Nodding in the direction of Walter Long, Lloyd George said, ‘I suggest the Colonial Secretary, who I am sure will be quite impartial in spite of the fact he takes a strong line one way, should get through to the Chief Secretary in Dublin and say that the feeling in the Cabinet is that they would like to release John Maclean, but that the Foreign Secretary, the Chancellor of the Exchequer and I would like to release him if it did no harm in Ireland. I do not think it is worth having an agitation about a man who does far more harm in prison than outside.’
‘Can I tell the Irish government Prime Minister that whatever happens over this man, the Cabinet will support them in keeping the Sinn Feiners in order?’ Long asked.
‘I think you might say that we reached this decision on the grounds that there was a distinction between the two cases, and that John Maclean is not in the same category as the Sinn Feiners,’ Lloyd George replied.
‘Does this apply to the other man?’ George Barnes queried.
‘Yes,’ said Lloyd George, ‘he has practically served his time.’
* * *
There being no objection from the Irish government, the Secretary for Scotland, Robert Munro authorised the discharge of Charles Milne from custody the following day (Friday 29 November) and Maclean was released from penal servitude on ticket-of-leave on Monday 2 December. The ticket-of–leave was rescinded by means of a King’s pardon later in the month.

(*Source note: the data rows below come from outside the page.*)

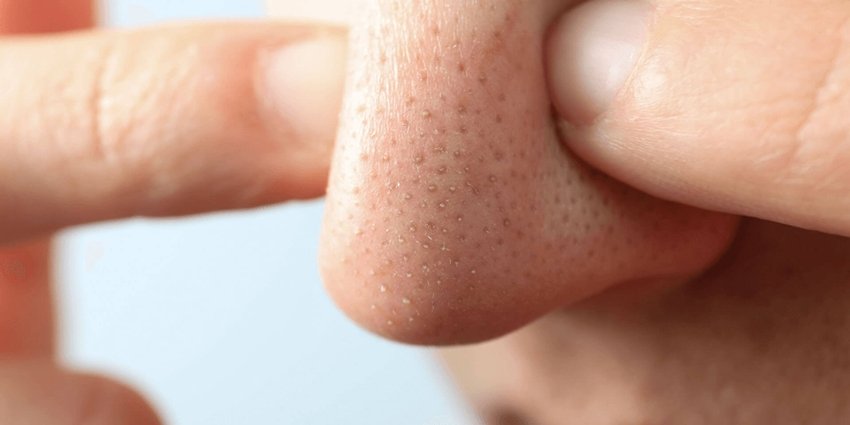 Best Remedies to Remove Blackheads Naturally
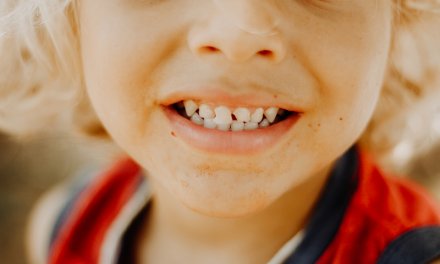 Underbite in Children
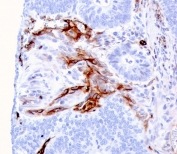 IHC staining of FFPE human colon carcinoma with Nestin antibody (clone NES/2911). HIER: boil tissue sections in pH 9 10mM Tris with 1mM EDTA for 10-20 min and allow to cool before testing.
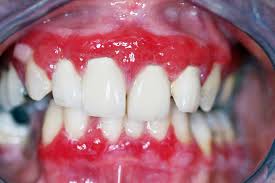 Image result for Pemphigoid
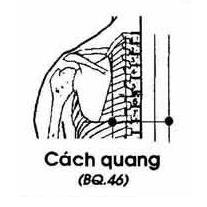 Cách Quan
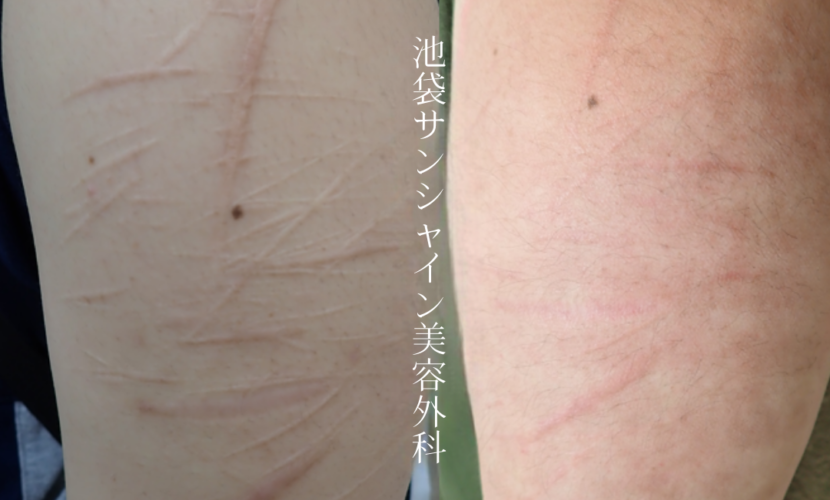 左上腕盛り上がった傷が多数ある症例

Maclean’s case was certainly a live one on the hustings. On the evening before the War Cabinet meeting, the Coalition Liberal candidate Winston Churchill (pictured left) addressed a meeting at the Kinnard Hall in his Dundee electorate. Lively scenes characterized the gathering, according to a report in the Glasgow Herald. ‘His handling of the Bolshevik elements in the hall won the admiration of the vast majority of the audience. “If this country had been full of John Macleans we would have been conquered by the Huns”—that is but one example of many sharp words addressed to the extremists by Mr. Churchill, who reminded them that the strong forces in this country which had enabled us to overcome so many difficulties were not afraid of John Maclean and all his backers.’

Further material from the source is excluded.